Source information: Begin

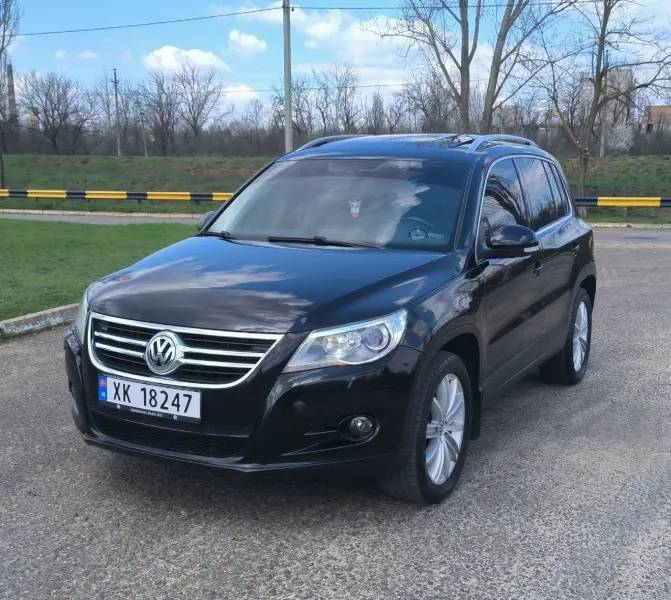 Volkswagen Tiguan, 2011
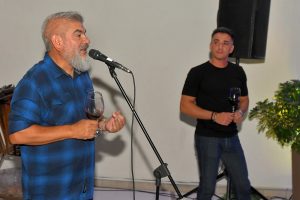 El intendente de Guaymallén, Marcos Calvente, junto a Diego Gareca, recibieron a los Auténticos Decadentes, que este jueves cerrarán la Fiesta de la Cosecha.
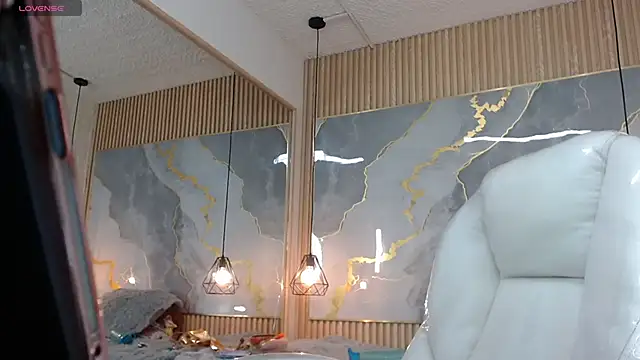 Snapshot of nei_girl chatting on 02-26-26, 11:42 nei girl online show from 02-26-26, 11:42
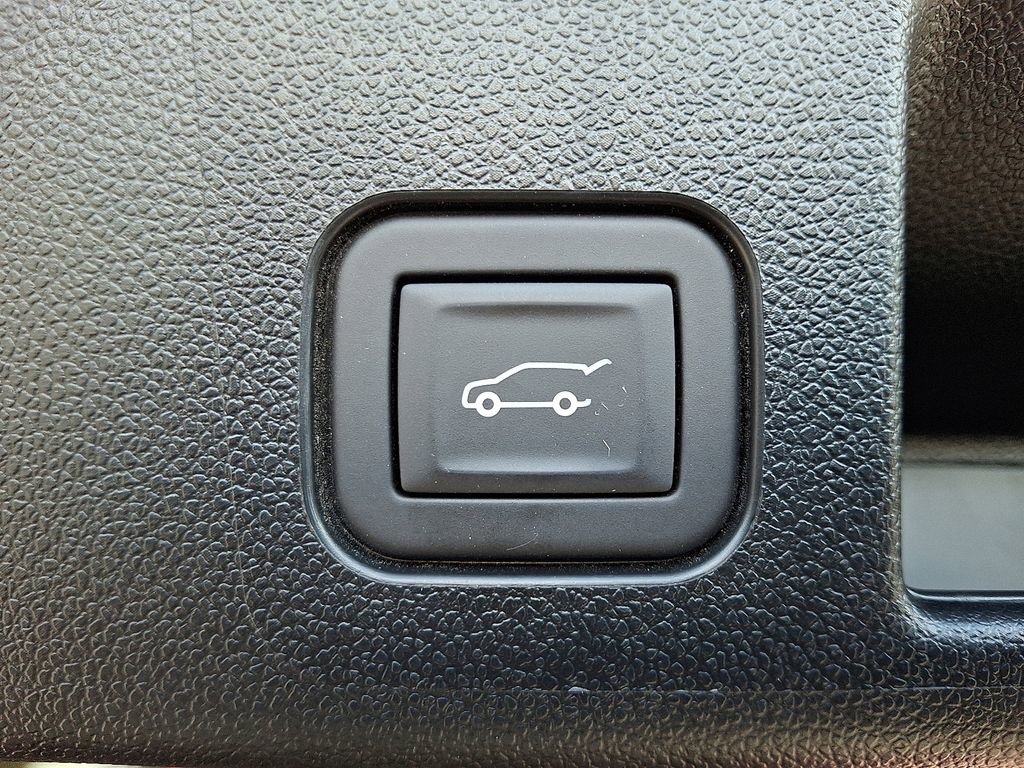 Used 2025 Chevrolet Equinox EV RS w/ Active Safety Package 3 image 29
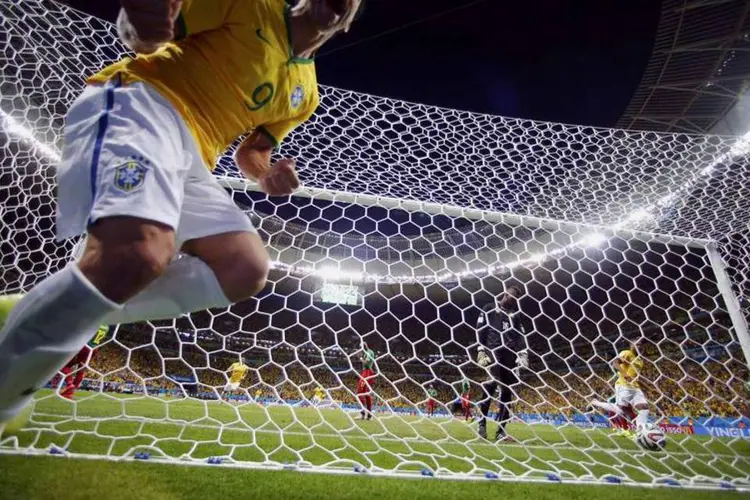 
	Fred comemora gol contra Camar&otilde;es durante a Copa do Mundo
 (REUTERS/Dominic Ebenbichler)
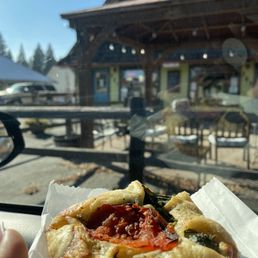 Advocado, tomato, balsamic glaze pastry Advocado, tomato, balsamic glaze pastry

Source information: End

■ Work task ■
All of the entries above must be reproduced exactly, and no image may be included.

■ Final answer ■
 Volkswagen Tiguan, 2011
 El intendente de Guaymallén, Marcos Calvente, junto a Diego Gareca, recibieron a los Auténticos Decadentes, que este jueves cerrarán la Fiesta de la Cosecha.
 Snapshot of nei_girl chatting on 02-26-26, 11:42 nei girl online show from 02-26-26, 11:42
 Used 2025 Chevrolet Equinox EV RS w/ Active Safety Package 3 image 29
	Fred comemora gol contra Camar&otilde;es durante a Copa do Mundo
 (REUTERS/Dominic Ebenbichler)
 Advocado, tomato, balsamic glaze pastry Advocado, tomato, balsamic glaze pastry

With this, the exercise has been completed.